WHAT YOU WILL DO: Word for word, copy the records and drop the pictures.

MATERIAL FOR THIS EXERCISE:
((

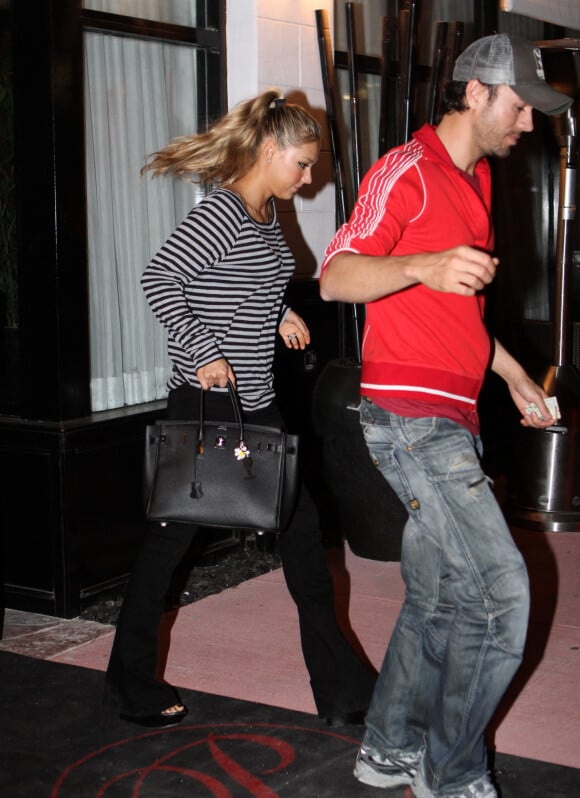 Exclusif - Anna Kournikova et Enrique Iglesias quittent un restaurant de Miami le 26 janvier 2012.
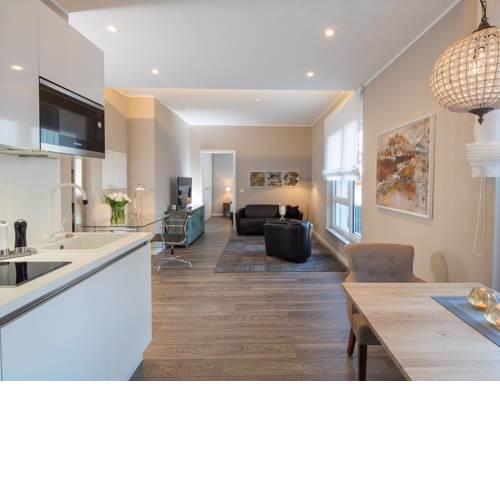 Logis First Class Business Suites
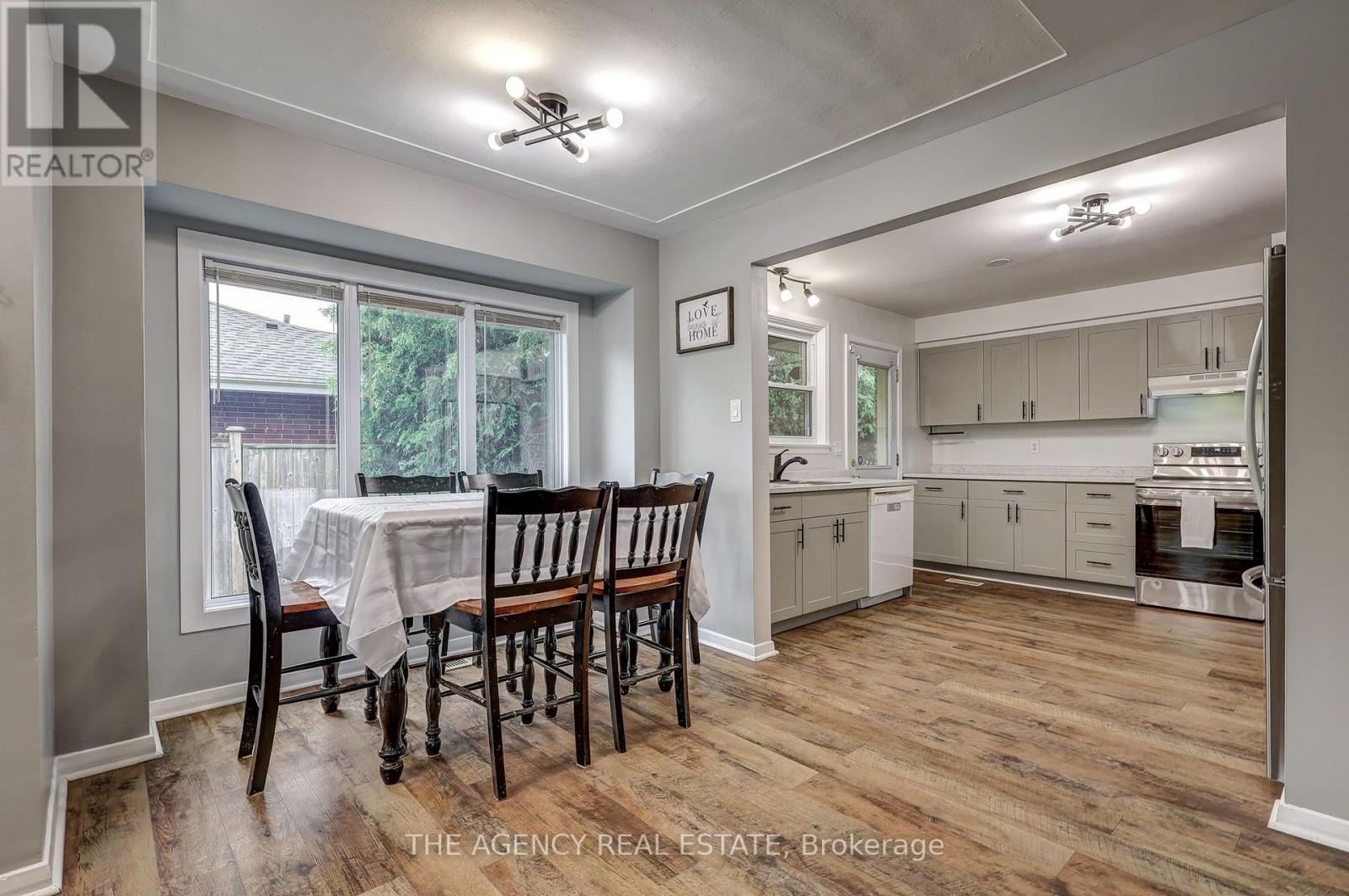 254 KING EDWARD AVENUE - 8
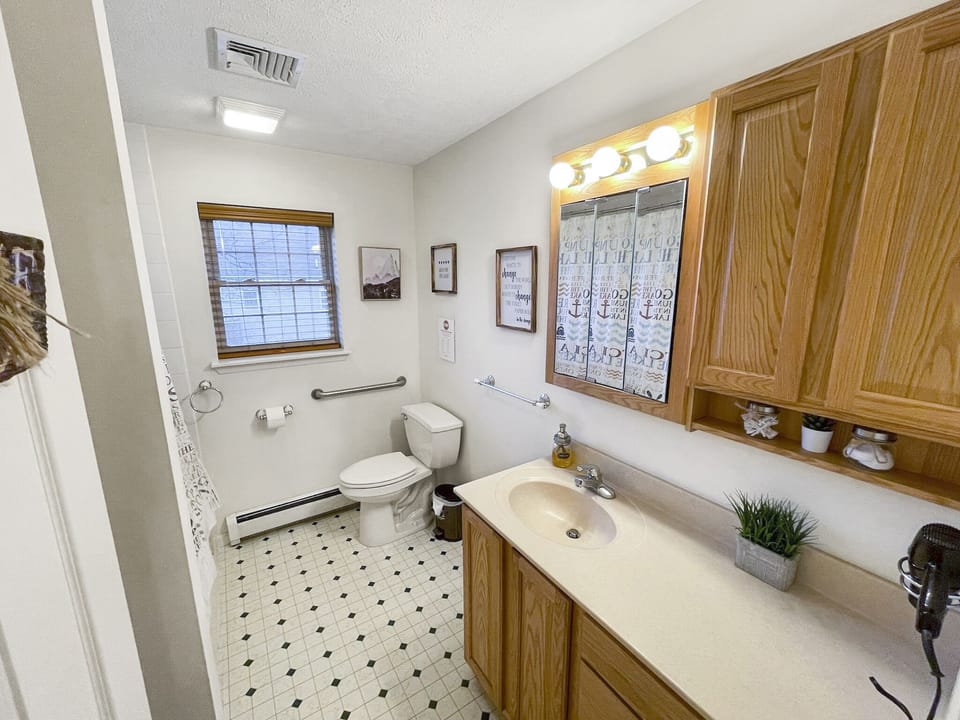 Premium large showerheads w/detachable wands in all 3 bathrooms
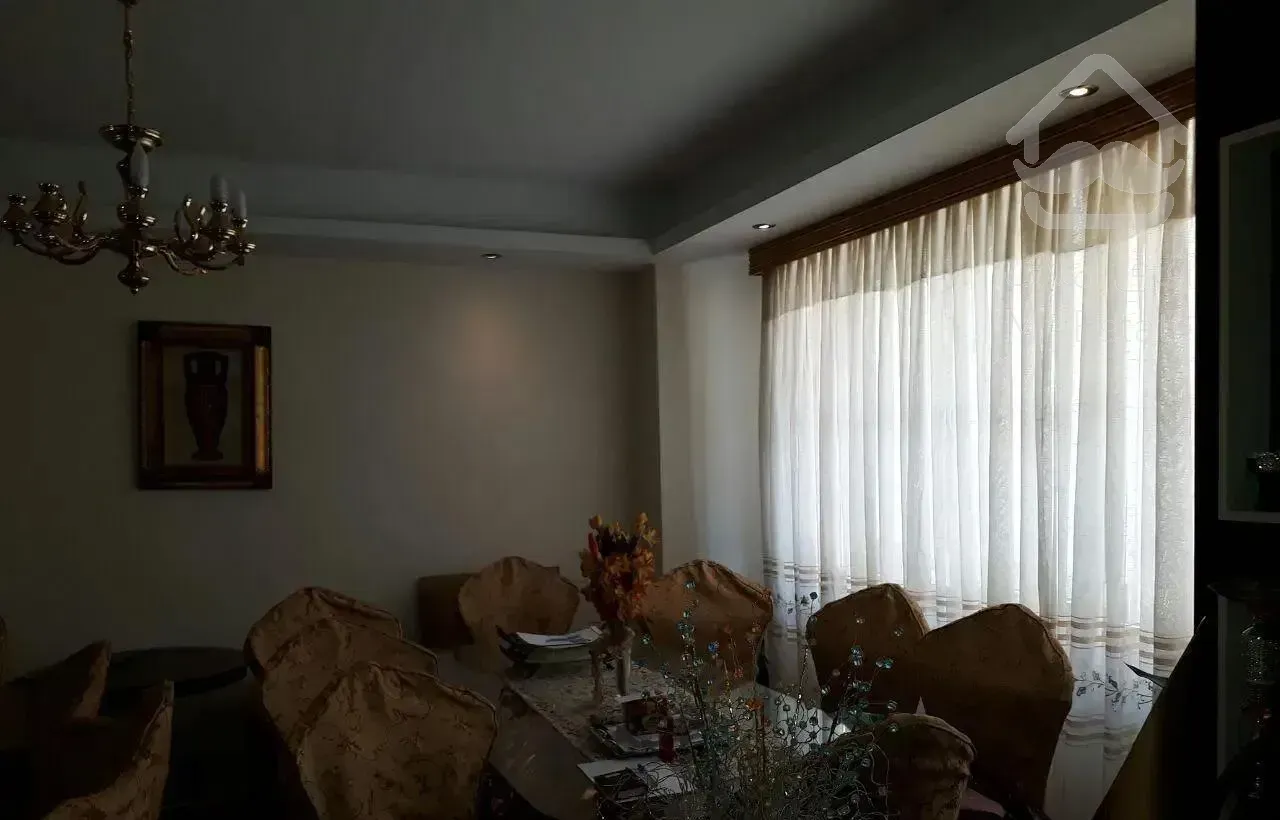 104 متر سه خواب پونک شهرک نفت (اوایل نفت)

))

RESPONSE:
 Exclusif - Anna Kournikova et Enrique Iglesias quittent un restaurant de Miami le 26 janvier 2012.
 Logis First Class Business Suites
 254 KING EDWARD AVENUE - 8
 Premium large showerheads w/detachable wands in all 3 bathrooms
 104 متر سه خواب پونک شهرک نفت (اوایل نفت)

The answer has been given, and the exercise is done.